Fiction Tips: How to Write Effective Exposition

by WiseFool

Exposition is important, and can even be vital, to your short story, novel or play. However, if handled incorrectly or clumsily, it can verge on painful for your reader.

Exposition can be a tricky mistress. You want to offer your readers or audiences the background information necessary for them to understand what’s going on, and add depth to the characters and action.

However, you don’t want to bore them, nor do you want to introduce facts in a fashion that makes them seem as though they’ve been crammed into your text with a shoehorn.

So, what's the secret to writing good exposition in fiction?

What is Exposition?

First things first, let’s know what we’re talking about…
At the beginning of a narrative, the exposition is the author's providing of some background information to the audience about the plot, characters' histories, setting, and theme.
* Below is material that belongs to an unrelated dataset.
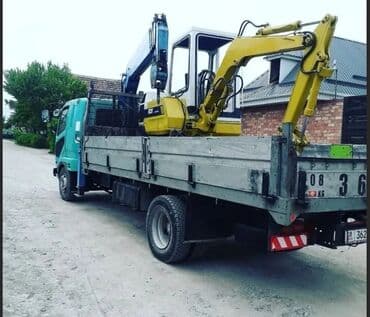 краник: Стрела 8 м, 3 т, Борт 8000 кг — 1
Exposition is considered one of four rhetorical modes of discourse, along with argumentation, description, and narration...

Possible Methods of Expository Writing

There are various ways to deliver exposition

Your choices may depend upon what form your writing takes. However, regardless of your narrative style or whether your writing a novella or a screenplay, there are many options available to you. Here are just a few of them:

  • Character’s diary entries
  • Snippets from newspaper articles
  • Description from an omnipotent narrator
  • Letters written from one character to another

Alternatively, of course, there are the tried and true methods of character dialogue or internal monologue.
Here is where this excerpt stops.